Theresienstadt children’s opera “Brundibar” coming to World War II Museum

The New Orleans Opera and the National World War II Museum are collaborating on a production of Hans Krasa’s Holocaust-era children’s opera “Brundibar,” but it will involve far more than the three performances this month.

“Brundibar” was performed 55 times in the Theresienstadt concentration camp during the Holocaust, after which Krasa and just about all of the other participants were deported to Auschwitz and killed.

The only remaining survivor from the production, Ela Weissberger, will visit New Orleans for the productions and a series of educational events. She played “cat” in all 55 performances. She “will not only relate her personal story of struggle and survival, but also her casting as the role of the cat in Brundibar, and what the staging of this opera around the world means to her today.”

Also coming to New Orleans will be the Butterfly Project, which is making 1.5 million ceramic butterflies to memorialize the 1.5 million Jewish children who were murdered by the Nazis.

The local production came about through a meeting between New Orleans Opera and the World War II Museum to brainstorm collaborative projects, musical performances that would further the museum’s mission of accentuating all aspects of World War II.

During the meeting, the planned pavilion that will focus on the Holocaust was mentioned, which led Opera Conductor Robert Lyall to reflect on a couple of productions that are Holocaust-related and which could be done at the museum.

They wanted it to be done somewhere around Holocaust Remembrance Day, which would be after the Opera’s season concluded and before the end of the school year.

As the Opera and the museum started discussing “Brundibar,” they consulted with many in the Jewish community, especially Rabbi Edward Paul Cohn and Cantor Joel Colman of Temple Sinai, the Jewish Federation of Greater New Orleans and the Jewish Endowment Foundation.

For the opera company, this is a smaller-scale production without drawing national opera figures. Instead, the cast is students from the New Orleans area. Tryouts were held at Temple Sinai in January.

“We decided early on to make it an interfaith production,” Lyall said. “It wouldn’t be exclusively Jewish or exclusively non-Jewish kids.”

Originally composed in 1939 for the children of the Jewish orphanage in Prague, the show premiered in a cramped attic theater in Theresienstadt on Sept. 23, 1943, to an audience of prisoners, camp leaders, and Swedish Red Cross workers who were monitoring conditions at the camp.
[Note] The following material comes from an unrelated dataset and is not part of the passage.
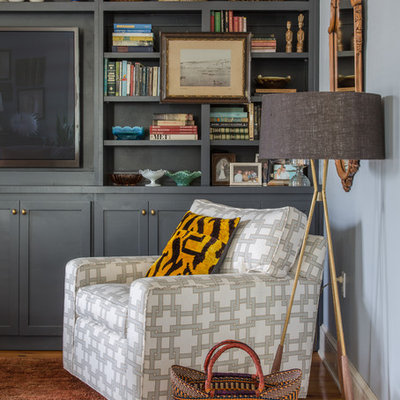 Living room - eclectic formal and enclosed medium tone wood floor living room idea in New Orleans with blue walls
The story itself is about a fatherless sister and brother. Their mother is ill, and the doctor tells them she needs milk to recover. But they have no money. They decide to sing in the marketplace to raise the needed money. But the evil organ grinder Brundibár chases them away.
However, with the help of a fearless sparrow, keen cat and wise dog, and the children of the town, they are able to chase Brundibár away, and sing in the market square.

While the Nazis used the show as a propaganda tool in portraying a model camp, the Jewish viewers equated Hitler with Brundibar.

Lyall said it is important to take what can be simply viewed as a charming children’s story and put it in its context and significance for audiences.

After 75 years, he said, it is an amazing set of circumstances that enables the show to be performed at all.

The performances will be preceded by a 15-minute short opera, “Friedl,” about Friedl Brandeis, who was “largely responsible” for the large amount of children’s art that came out of Theresienstadt.

Lyall explained that education and art were forbidden at the camp, but Brandeis persevered. The work was written for the Los Angeles Opera before a 2013 run of “Brundibar.”

Brandeis hid a large amount of artwork in suitcases, which emerged again after the war. The 5,000 pieces of art were “how much she could cram into a couple of suitcases.”

Of the 15,000 children sent to Theresienstadt, fewer than 100 survived.

Lyall said the local production will use the original dialogue instead of more recent attempts to make it more grand. Likewise, a recent version by Louisiana native Tony Kushner isn’t being used because of changes in the story.

“I’m respecting the original text and the original intent of how it was presented” in the camp, Lyall said.

There will be a series of events in conjunction with the performances.

Temple Sinai will host the Butterfly Project’s “Not the Last Butterfly” documentary film on May 12 at 7 p.m. There will be a reception, butterfly painting and discussion with the filmmaker.

The Butterfly Project was formed in 2006 at San Diego Jewish Academy, partly inspired by the Paper Clips project of Whitwell, Tenn. Over 200 communities worldwide have participated in the project, which will use the 1.5 million ceramic butterflies as inspiration worldwide, for Holocaust education and anti-bullying initiatives.

Schools around the world can dial into a Webinar with Weissberger, “Testimony from Theresienstadt: Ela Weissberger and her Story of Survival” on May 13 at noon.

All audiences are welcome to view and participate. The museum says the webinar is ideal for grades 5 to 8. Upon registering, teachers will receive curriculum materials related to the program.

Weissberger will be at the 6:15 p.m. Shabbat service on May 13 at Temple Sinai.

On May 14, the Butterfly Project will have a family workshop at the WWII Museum at 2 p.m. Children ages 8 to 12 are invited to design ceramic butterflies with Weissberger, who will also glaze one of the butterflies.

Each of the butterflies made at the museum will be incorporated into a temporary public display. Advance registration is required, and one adult per three children must attend. Participants are invited to attend the “Brundibár” dress rehearsal directly following the workshop.

There is no charge to participate, but space is very limited. Regular museum admission charges will apply to those who want to spend the day at the museum.

The “Brundibar” performances will be May 14 at 7:30 p.m., and May 15 at 3 p.m. and 7:30 p.m. in the U.S. Freedom Pavilion: The Boeing Center. Tickets are $20 for adults, $5 for children.

The Boeing Center includes restored warbirds hanging from the ceiling. Those were the planes being piloted by U.S. forces during the opera’s original run at Theresienstadt.

In 1998, J. Greg Thomas, a teacher in rural Alabama, did a tour of “Brundibar” with an entirely non-Jewish cast and using their original accents to show the universal message.

The tour performed in October 1998 in Nashville, as special guests of the Tennessee Holocaust Commission’s annual Holocaust Conference for High School students, with Weissberger in attendance.

In 2014, children and adults from Ars Nova School of the Arts in Huntsville performed “Brundibar” during “Voices from Terezin” at Weatherly Heights Baptist Church. Weissberger introduced those performances as well.